Jeremy Renner Pushes to Give ‘Wind River’ Life After Harvey Weinstein (Exclusive Video)

Oscar Wrap Magazine: “We’re very, very happy to get the film back [from Weinstein],” says the star of the Taylor Sheridan drama

A version of this story about Jeremy Renner first appeared in the Race Begins issue of TheWrap’s Oscar magazine.

For Jeremy Renner, “Wind River” was always going to be an awards-season longshot — even before the Harvey Weinstein mess.  Taylor Sheridan’s quietly gripping drama features what is likely Renner’s best performance since his Oscar-nominated turn in “The Hurt Locker,” but it was a small indie, a serious drama that was going to require careful nurturing.

It had a well-received debut at Sundance in January, a successful encore at Cannes in May, and a summer release that found it grossing an impressive $40 million amid the market heavy in would-be blockbusters.

But “Wind River” was released by the Weinstein Company, which means that it suffered a blow with accusations leveled at executive producer and distributor Harvey Weinstein. The film was already out of theaters at that point, and the Native American tribe that helped finance the movie put up additional money to reclaim it and fund an awards campaign on its own, with no input from the reeling TWC.

“They did a great job of putting it out and getting it seen,” Renner said said of the Weinstein Company. “But it’s ironic to have this movie we made about atrocities toward women, and then this guy does what he does.

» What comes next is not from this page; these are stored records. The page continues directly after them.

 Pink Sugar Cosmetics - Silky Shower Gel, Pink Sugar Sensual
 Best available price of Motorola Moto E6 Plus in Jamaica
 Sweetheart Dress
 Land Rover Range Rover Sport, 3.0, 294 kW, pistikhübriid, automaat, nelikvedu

“He’s not involved anymore, nor is the company. Let that empire crumble, as it probably deserves to do. All I can say is we’re very, very happy to get the film back, because we believe in it.”

There’s a lot to believe in about the movie, and Renner’s performance. Playing a tracker and hunter on a remote Native American reservation who assists a green FBI agent (Elizabeth Olsen) in the search for the killer of a young woman, in the process stirring up his own unimaginable loss, Renner plays a man who tries to be stoic but can’t help but crack.

The performance is all about understatement, but in his hands the smallest of gestures can be wrenching.

“This movie changed my life in a lot of ways,” said Renner, who said he only picked up the “Wind River” script after Sheridan promised to buy him a great bottle of whiskey if he’d just read the first 10 pages.

It only took three pages, he said, before he was hooked — and it only took one conversation with Sheridan for him to trust that the first-time director (who’d previously written “Hell or High Water” and “Sicario”) could handle the new job.

Photographed by Joe Schmelzer for TheWrap

The film shot in the snow in Utah, in conditions that he said served only to bond the cast and crew.

“In ‘Hurt Locker,’ it was the same thing,” he said. “The last thing I think about is me. Everybody is in it for the same reason — nobody’s there with attitude. We’re all cold, and there’s no place to go to the bathroom, and we’re all in it together. You have that communion. We’re a team, and that’s impenetrable.”

A surprise, he added, came when he looked back at his performance and realized who he’d been playing. “That character is my mom,” he said. “That fortitude — doesn’t complain, doesn’t focus on the negative, moves forward, problem-solves and keeps going. I played my mom.

“That makes you realize how badass my mom is, and I couldn’t be more proud because of that.”